Hopefully one day perhaps in Louisiana the Diocese of Baton Rouge at the very least will think of going back to the old days. That seems apt since the CIVIL Parish of ASCENSION is located in it's jurisdiction.
I count this right aside the issue of the take down the altar rail at all cost as one of the United States Catholic Bishops most tragic choices
Father Z has Fr. Z’s annual rant about Ascension Thursday Sunday
He says in part :
....The bishops who did transfer the feast to Sunday were, I am sure, hoping to expose more people to the mystery of the Ascension of the Lord. Probably included in that calculation was also the notion that it is tooo haaard for people to go to Mass also on Thursday. “Mass twice in a week? Tooo haaard!”
I am no doubt under the the influence of having read so much St. Augustine. My present view of humanity suggests that when Holy Mother Church lowers expectations regarding the liturgy, people get the hint and lower their own personal expectations of themselves. They get the hint that the feast just isn’t that important. As a matter of fact, maybe none of this Catholic stuff, with all these rules, is that important. This is what happened with lowering expectations about Friday abstinence (hardly anyone pays attention to it anymore), going to confession regularly and confession all mortal sins, the Eucharistic fast, dressing appropriately for Mass, etc. etc. etc. If you change how people pray (or tell them they don’t have to) you change the way people believe. There is a reciprocal relationship between our prayer and our belief. Lex ordandi – Lex credendi.
am left with the opinion that the option to dislocate such an important and ancient feast falls into the category of a Really Bad Idea. As a matter of fact, it isn’t a Really Bad Idea just because it could undermine our Catholic identity, it is also a Really Bad Idea because it smacks of arrogant novelty.

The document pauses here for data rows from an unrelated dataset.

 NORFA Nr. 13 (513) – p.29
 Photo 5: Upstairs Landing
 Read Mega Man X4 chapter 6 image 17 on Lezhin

The celebration of Ascension on a particular Thursday is rooted in Scripture. Celebration on Thursday reflects the ancient practice of the Churches of the East and West alike. We read in Holy Scripture that nine days, not six, intervened between the Lord’s physical ascent to the Father’s right hand and the descent of the Holy Spirit at Pentecost. If Pentecost was the 50th day, seven weeks – as the ancients counted the starting day itself is included so you get 50 rather than 49), then Ascension Thursday was fixed at the 40th day after Easter......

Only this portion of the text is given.